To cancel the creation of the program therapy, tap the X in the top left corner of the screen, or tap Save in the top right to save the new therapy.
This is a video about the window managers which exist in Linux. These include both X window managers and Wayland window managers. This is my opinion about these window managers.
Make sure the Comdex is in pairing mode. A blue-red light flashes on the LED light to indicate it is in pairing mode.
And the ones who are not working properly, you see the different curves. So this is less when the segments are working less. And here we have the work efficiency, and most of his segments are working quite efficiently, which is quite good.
==
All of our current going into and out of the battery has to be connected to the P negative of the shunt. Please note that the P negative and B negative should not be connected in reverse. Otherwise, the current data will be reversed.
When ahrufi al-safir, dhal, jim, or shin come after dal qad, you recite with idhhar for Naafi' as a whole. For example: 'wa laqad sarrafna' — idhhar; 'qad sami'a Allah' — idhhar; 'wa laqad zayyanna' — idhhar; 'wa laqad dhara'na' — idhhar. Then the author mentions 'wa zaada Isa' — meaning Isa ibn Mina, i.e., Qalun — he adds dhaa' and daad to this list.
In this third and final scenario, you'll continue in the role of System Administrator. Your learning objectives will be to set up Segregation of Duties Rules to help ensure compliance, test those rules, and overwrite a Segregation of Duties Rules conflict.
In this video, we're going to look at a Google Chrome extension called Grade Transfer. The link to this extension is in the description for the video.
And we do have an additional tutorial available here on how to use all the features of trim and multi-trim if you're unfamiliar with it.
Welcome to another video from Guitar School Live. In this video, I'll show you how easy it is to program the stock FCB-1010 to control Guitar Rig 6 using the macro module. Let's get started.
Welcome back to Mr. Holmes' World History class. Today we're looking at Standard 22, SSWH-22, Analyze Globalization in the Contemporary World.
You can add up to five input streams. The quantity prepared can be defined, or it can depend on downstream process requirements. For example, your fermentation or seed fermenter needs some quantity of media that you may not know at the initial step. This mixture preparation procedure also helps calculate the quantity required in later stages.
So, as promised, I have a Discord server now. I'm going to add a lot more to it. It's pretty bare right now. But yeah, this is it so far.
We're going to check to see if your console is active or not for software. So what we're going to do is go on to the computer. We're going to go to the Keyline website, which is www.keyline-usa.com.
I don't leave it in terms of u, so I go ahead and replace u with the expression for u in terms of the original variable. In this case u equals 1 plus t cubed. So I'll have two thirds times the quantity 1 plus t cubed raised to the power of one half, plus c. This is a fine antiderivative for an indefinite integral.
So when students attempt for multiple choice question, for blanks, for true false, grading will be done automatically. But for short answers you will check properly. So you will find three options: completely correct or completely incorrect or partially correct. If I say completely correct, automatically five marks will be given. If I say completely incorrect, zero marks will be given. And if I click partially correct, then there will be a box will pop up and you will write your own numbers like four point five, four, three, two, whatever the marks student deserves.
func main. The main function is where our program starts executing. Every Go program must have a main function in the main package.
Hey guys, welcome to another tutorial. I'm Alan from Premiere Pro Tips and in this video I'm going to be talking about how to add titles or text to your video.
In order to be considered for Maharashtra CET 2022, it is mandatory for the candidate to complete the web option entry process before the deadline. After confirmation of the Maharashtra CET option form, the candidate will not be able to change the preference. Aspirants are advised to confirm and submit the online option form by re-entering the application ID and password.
--
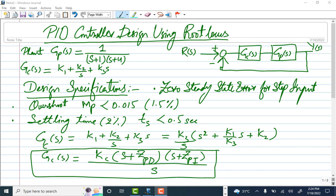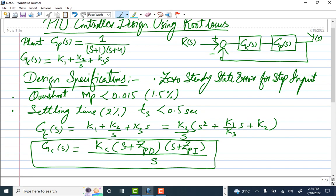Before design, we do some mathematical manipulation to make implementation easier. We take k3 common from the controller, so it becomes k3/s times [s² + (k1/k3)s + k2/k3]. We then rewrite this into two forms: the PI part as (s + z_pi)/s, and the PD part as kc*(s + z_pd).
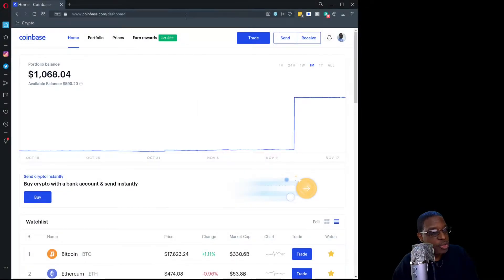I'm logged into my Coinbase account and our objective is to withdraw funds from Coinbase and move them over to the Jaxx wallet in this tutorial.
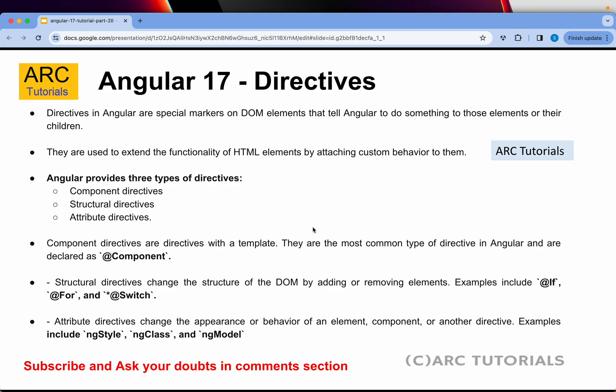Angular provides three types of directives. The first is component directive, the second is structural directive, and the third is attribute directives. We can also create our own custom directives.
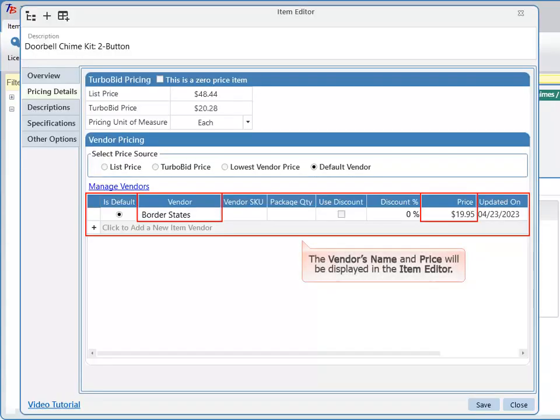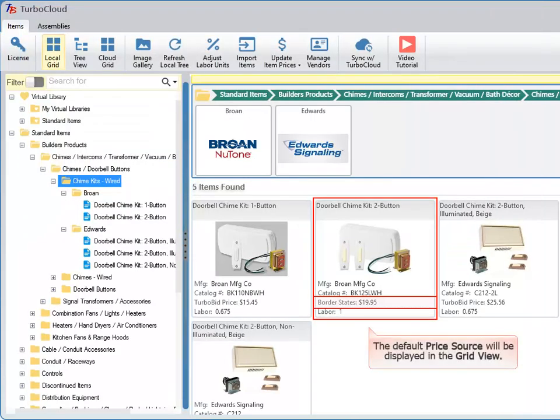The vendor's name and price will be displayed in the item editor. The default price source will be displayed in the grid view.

Directions: Return each line from the records that includes the word "process".

Reply:
You can add up to five input streams. The quantity prepared can be defined, or it can depend on downstream process requirements. For example, your fermentation or seed fermenter needs some quantity of media that you may not know at the initial step. This mixture preparation procedure also helps calculate the quantity required in later stages.
In order to be considered for Maharashtra CET 2022, it is mandatory for the candidate to complete the web option entry process before the deadline. After confirmation of the Maharashtra CET option form, the candidate will not be able to change the preference. Aspirants are advised to confirm and submit the online option form by re-entering the application ID and password.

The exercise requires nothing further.